Un beau manoir dans un environnement préservé, que ses propriétaires ouvrent aimablement à l’occasion de circuits du patrimoine.
Pour la généalogie des seigneurs de Keryar jusqu’à la Révolution
on peut lire dans Lulzac, Chroniques oubliées des manoirs bretons, le chapitre consacré au manoir de Keryar.
Et je renvoie aussi dans la rubrique Histoire du site à l’établissement de l’armorial de Plourin rédigé, illustré et publié à l’occasion des 4èmes journées Généalogie et Patrimoine à Plourin par Elisa Mahé, membre actif de l’association.
On y voit comment le domaine passe de la famille Le Jar puis Keryar à la famille De Carné.
Une croix commémorative de la famille De Carné se trouve toujours sur site à Keryar.
Keryar fut une enclave de la paroisse de Lanildut dans le territoire paroissial de Plourin.
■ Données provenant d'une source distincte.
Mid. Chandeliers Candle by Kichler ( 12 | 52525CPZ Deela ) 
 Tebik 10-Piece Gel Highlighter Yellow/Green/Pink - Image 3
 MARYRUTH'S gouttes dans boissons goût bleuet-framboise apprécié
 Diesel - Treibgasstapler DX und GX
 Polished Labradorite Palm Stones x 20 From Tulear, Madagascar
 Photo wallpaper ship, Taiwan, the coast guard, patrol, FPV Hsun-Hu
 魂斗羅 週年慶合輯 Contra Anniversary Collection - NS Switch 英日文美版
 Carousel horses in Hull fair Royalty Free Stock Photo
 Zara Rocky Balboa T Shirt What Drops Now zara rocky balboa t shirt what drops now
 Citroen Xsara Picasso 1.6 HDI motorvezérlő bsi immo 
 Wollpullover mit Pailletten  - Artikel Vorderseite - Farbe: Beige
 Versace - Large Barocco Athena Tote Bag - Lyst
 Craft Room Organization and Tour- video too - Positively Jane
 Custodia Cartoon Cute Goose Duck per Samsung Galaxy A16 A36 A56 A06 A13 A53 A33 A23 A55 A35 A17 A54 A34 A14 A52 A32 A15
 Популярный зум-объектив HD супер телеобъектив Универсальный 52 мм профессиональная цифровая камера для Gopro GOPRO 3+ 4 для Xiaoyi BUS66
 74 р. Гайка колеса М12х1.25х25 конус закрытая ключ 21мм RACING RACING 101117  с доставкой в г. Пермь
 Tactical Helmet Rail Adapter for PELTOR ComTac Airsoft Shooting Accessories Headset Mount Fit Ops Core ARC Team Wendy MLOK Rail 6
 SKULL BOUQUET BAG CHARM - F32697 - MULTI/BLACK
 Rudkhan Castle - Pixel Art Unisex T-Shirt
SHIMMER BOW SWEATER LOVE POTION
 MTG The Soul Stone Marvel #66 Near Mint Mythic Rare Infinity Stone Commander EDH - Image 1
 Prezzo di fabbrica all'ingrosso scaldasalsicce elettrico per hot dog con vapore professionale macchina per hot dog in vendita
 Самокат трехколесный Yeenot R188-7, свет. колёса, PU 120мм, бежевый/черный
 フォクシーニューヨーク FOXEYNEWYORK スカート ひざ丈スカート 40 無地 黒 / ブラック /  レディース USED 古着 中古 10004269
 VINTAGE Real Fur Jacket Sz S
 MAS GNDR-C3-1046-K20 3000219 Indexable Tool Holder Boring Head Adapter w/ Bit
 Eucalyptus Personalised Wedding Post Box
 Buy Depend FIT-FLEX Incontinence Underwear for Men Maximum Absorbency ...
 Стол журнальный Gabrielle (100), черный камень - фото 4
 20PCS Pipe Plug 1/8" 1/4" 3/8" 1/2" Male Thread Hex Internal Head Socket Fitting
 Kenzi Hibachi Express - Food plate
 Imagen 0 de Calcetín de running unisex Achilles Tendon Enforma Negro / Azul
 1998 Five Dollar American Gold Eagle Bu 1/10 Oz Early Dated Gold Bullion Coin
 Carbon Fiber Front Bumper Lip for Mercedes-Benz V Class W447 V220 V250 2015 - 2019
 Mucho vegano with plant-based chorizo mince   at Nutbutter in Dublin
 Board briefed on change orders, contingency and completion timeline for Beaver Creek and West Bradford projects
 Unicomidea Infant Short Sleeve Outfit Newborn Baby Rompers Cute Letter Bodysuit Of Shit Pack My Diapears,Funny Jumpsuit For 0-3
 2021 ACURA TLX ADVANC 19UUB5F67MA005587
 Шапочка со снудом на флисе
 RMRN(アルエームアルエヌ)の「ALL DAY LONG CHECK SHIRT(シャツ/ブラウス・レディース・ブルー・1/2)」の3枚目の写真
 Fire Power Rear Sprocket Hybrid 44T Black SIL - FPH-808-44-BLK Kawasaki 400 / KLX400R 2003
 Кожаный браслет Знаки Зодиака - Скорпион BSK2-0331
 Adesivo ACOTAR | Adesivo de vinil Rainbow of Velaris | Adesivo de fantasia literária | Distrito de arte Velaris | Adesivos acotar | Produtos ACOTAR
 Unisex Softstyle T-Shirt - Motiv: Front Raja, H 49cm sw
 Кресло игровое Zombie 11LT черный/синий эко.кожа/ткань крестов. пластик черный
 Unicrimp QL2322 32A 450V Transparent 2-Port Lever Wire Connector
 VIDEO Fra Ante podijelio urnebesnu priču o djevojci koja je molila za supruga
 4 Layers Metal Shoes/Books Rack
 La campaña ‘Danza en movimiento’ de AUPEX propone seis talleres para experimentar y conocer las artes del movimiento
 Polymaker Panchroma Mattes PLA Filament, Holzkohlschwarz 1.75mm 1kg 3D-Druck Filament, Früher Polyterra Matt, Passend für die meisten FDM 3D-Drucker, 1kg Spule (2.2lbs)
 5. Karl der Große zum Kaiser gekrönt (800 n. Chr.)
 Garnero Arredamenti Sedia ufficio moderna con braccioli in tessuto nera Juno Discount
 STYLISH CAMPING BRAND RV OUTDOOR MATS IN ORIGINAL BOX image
Et rattaché à la commune de Plourin le 22 mars 1850.
Le manoir de Keryar ainsi qu’une partie de son domaine relevaient de la seigneurie du Châtel. L’autre partie du domaine était partagée entre les seigneuries de Lanrinou (le moulin de Keryar) de Kergroadez de Keroulas et de l’Evêque du Léon.
Successivement orthographié Kerjar, Kerjard, Keryard au cours du 20ème siècle, ce toponyme est plus connu sous l’ancien régime sous les graphies de Keriar ou Keryar.
Le plus anciennement connu est Jehan Keryar exempt de fouage lors de la réformation de 1446.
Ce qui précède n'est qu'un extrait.